Treatment for HBV/HIV-Coinfection
All HIV-infected persons with active HBV replication (positive for HBsAg and detectable HBV DNA) and elevated transaminase levels should be considered candidates for HBV treatment, even if criteria for HAART are not met yet.
However, the optimal time for initiating anti-HBV therapy in coinfected patients has neither been established nor is it clear which drug(s) should be used. An integrated approach against both HIV and HBV is needed. On the basis of the advice of different panels of experts, if HBV infection is the only viral infection to be treated, IFN-alfa (preferably any of the pegylated forms) could be a valid option. However, given the low response to standard IFN-alfa and the lack of data on the effectiveness of pegylated IFN-alfa in HBV/HIV-coinfected subjects, it is desirable to treat these patients within clinical trials and in healthcare centers with experience.
Adefovir monotherapy (at dosages of 10 mg/day) may be considered a reasonable alternative option for treating HBV infection in HIV-positive patients who do not meet the criteria for HAART. However, the potential risk for selection of resistance mutations in HIV with long-term use should be of concern, although this option is being supported by recent European guidelines for the treatment of HBV.

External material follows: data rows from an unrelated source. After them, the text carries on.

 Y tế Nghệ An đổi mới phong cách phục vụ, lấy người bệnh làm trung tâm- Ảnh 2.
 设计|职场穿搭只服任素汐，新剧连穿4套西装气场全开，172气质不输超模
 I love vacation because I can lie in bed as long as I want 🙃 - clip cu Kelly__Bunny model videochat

The use of 3TC, FTC, or TDF in monotherapy should be avoided in HIV/HBV-coinfected patients, because these drugs favor the selection of HIV resistance mutations.

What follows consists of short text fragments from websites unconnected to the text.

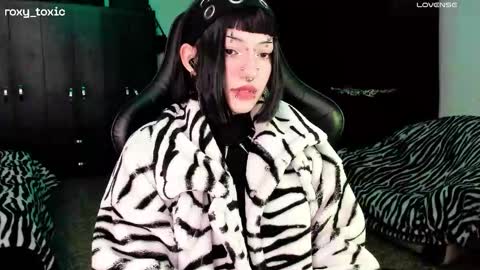 Snapshot of roxy_toxic chatting on 11/13/25, 12:53 Roxy Independient model Help me to reach 50 thumbs up online show from 11/13/25, 12:53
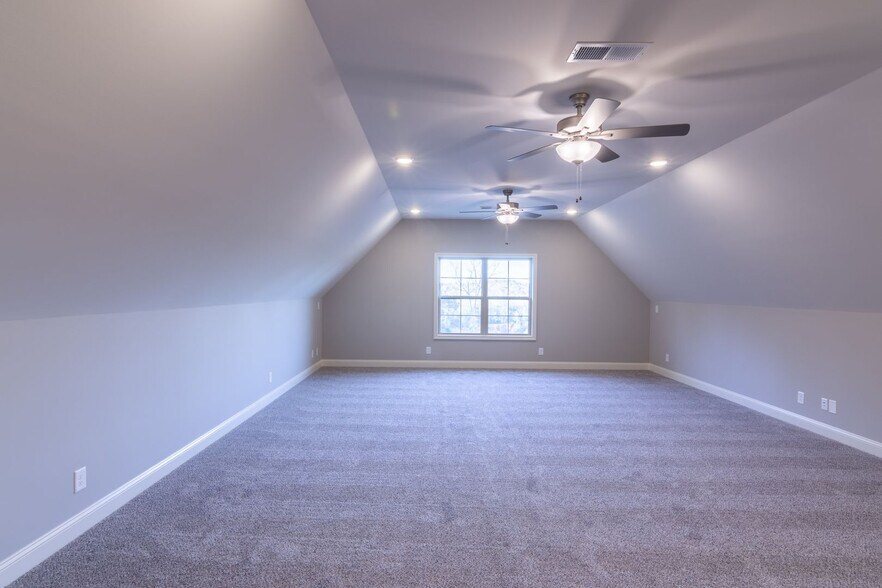 Building Photo - 1031 C P Stewart Blvd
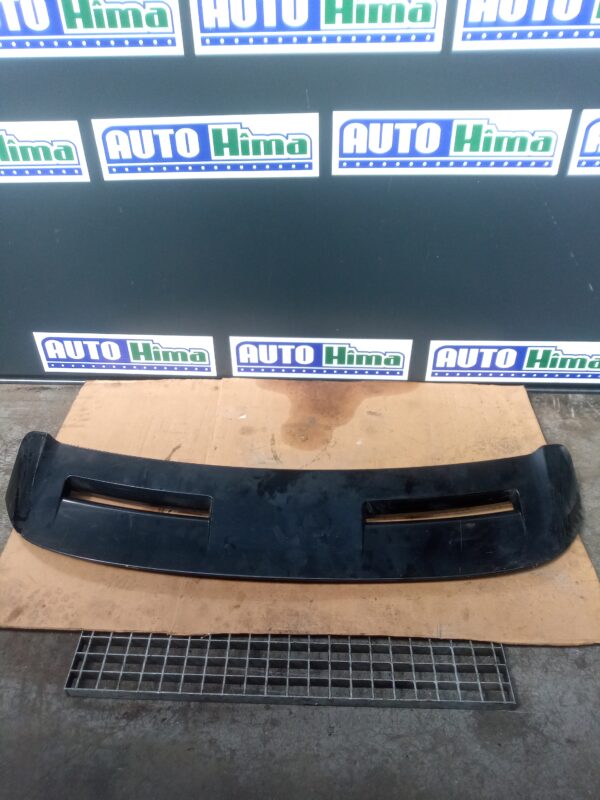 Spoiler haion cu stop suplimentar 5M5J-Z44210-ABW(Hatchback Negru) Ford Focus 2  2004-2010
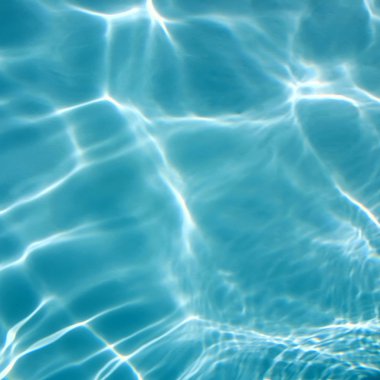 Mavi yüzme havuzunda dalgalı temiz su deseni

In patients who meet criteria for the treatment of HIV infection, a HAART regimen containing 3TC, FTC, and/or TDF should be administered. Of note, TDF seems to show a higher activity against HBV than do FTC or 3TC and has a great genetic barrier for resistance. However, the experience with TDF is scarce.

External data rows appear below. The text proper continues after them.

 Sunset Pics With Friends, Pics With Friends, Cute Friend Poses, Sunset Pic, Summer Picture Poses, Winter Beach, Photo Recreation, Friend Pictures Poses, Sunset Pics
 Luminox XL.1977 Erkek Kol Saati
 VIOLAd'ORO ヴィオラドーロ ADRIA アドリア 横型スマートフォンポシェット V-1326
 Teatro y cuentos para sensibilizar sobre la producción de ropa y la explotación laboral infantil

For patients who have already received 3TC as part of HAART and who have detectable HBV viremia, resistance of HBV to the drug should be suspected. Emtricitabine is not useful for treatment of HBV infection in these patients. However, adding or replacing it with TDF is a reasonable approach. If HIV is already suppressed, adefovir might also be considered.
As for the role of combination therapy in HBV treatment, data are scarce. In a recent study among non-carriers of HIV that compared adefovir with adefovir/3TC, combination treatment was not found to be superior to adefovir alone in the first 12 months of treatment.
Editor's Note: This article is a summary review of Nunez M et al. Treatment of Chronic Hepatitis B in the Human Immunodeficiency Virus-Infected Patient: Present and Future. Clin Infect Dis 2003;37:1678-1685. Reprinted with permission from HIV and Hepatitis.com (www.HIVandHepatitis.com).